§ DATA LISTING
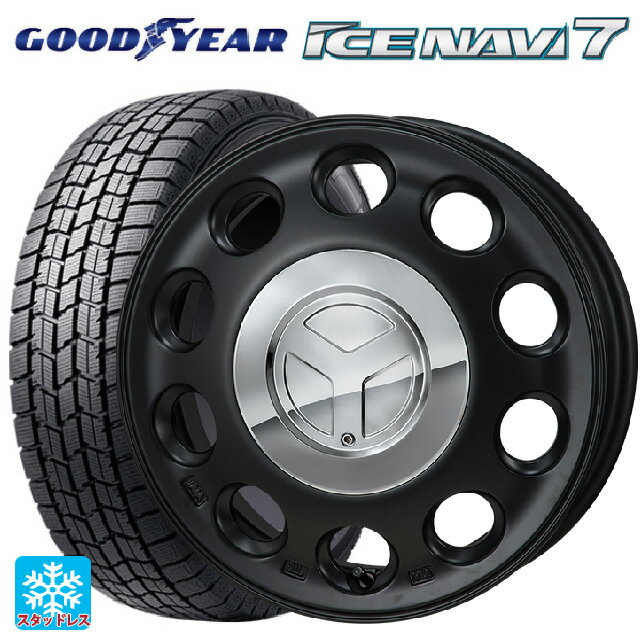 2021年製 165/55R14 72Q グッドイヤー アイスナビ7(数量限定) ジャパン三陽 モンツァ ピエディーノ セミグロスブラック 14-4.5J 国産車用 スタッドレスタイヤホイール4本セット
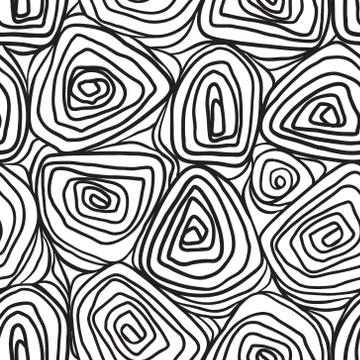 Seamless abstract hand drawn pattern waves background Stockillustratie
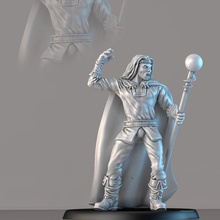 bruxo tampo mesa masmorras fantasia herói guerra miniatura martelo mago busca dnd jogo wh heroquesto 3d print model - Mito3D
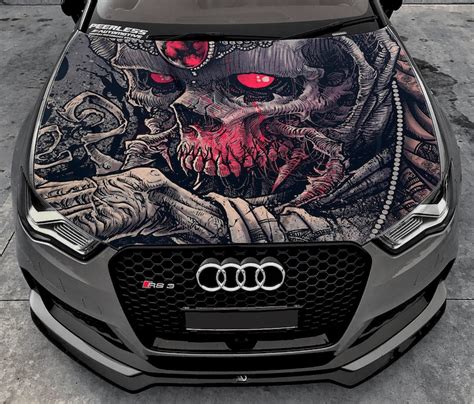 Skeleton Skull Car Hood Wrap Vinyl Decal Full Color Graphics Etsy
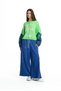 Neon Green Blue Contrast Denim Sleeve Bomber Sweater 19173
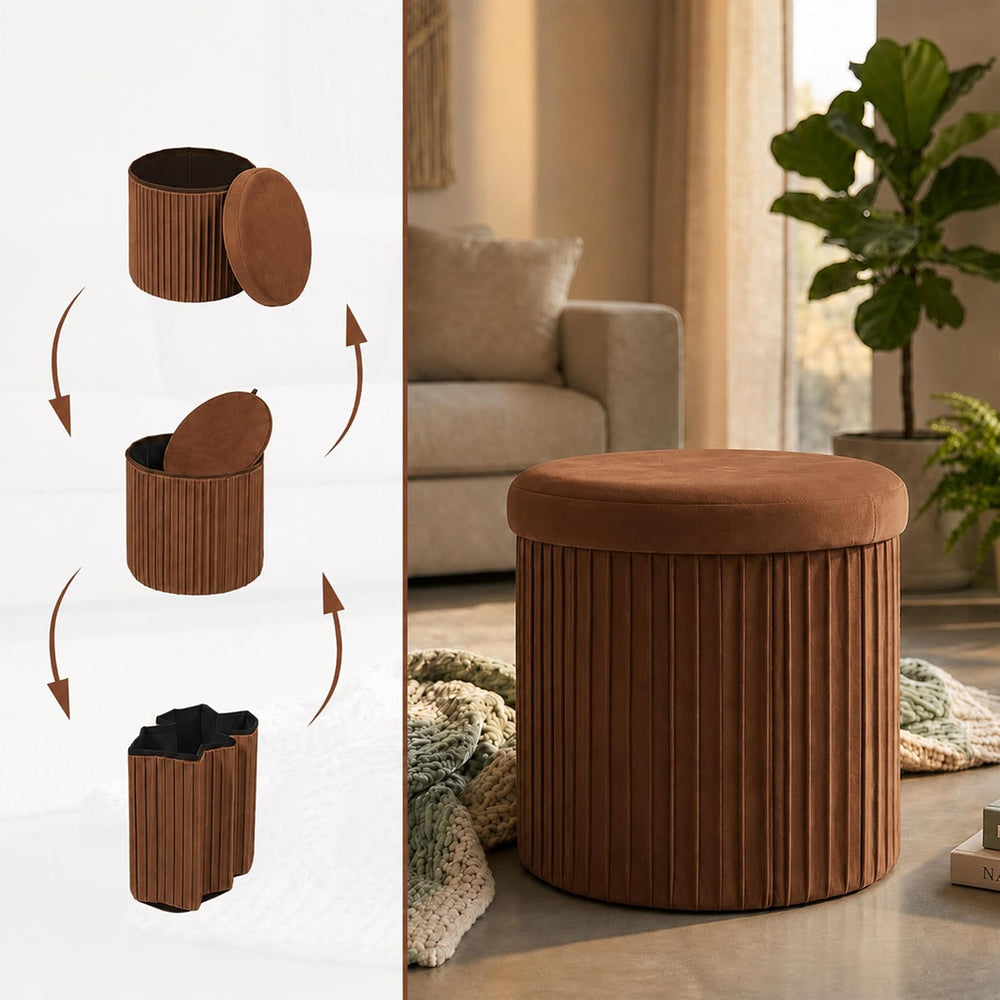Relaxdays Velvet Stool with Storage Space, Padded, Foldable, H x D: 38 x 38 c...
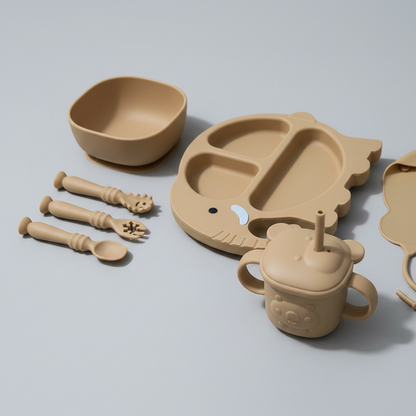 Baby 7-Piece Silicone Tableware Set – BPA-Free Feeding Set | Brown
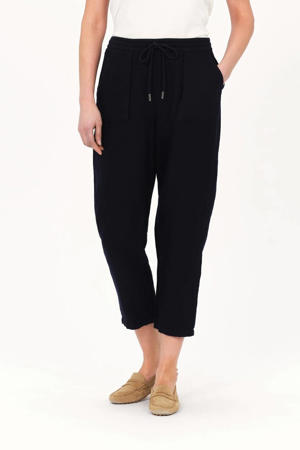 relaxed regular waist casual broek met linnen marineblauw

§ EXERCISE DESCRIPTION
Give back the material above word for word; no picture belongs in it.

§ SOLUTION FOR THIS PROBLEM
 2021年製 165/55R14 72Q グッドイヤー アイスナビ7(数量限定) ジャパン三陽 モンツァ ピエディーノ セミグロスブラック 14-4.5J 国産車用 スタッドレスタイヤホイール4本セット
 Seamless abstract hand drawn pattern waves background Stockillustratie
 bruxo tampo mesa masmorras fantasia herói guerra miniatura martelo mago busca dnd jogo wh heroquesto 3d print model - Mito3D
 Skeleton Skull Car Hood Wrap Vinyl Decal Full Color Graphics Etsy
 Neon Green Blue Contrast Denim Sleeve Bomber Sweater 19173
Relaxdays Velvet Stool with Storage Space, Padded, Foldable, H x D: 38 x 38 c...
 Baby 7-Piece Silicone Tableware Set – BPA-Free Feeding Set | Brown
 relaxed regular waist casual broek met linnen marineblauw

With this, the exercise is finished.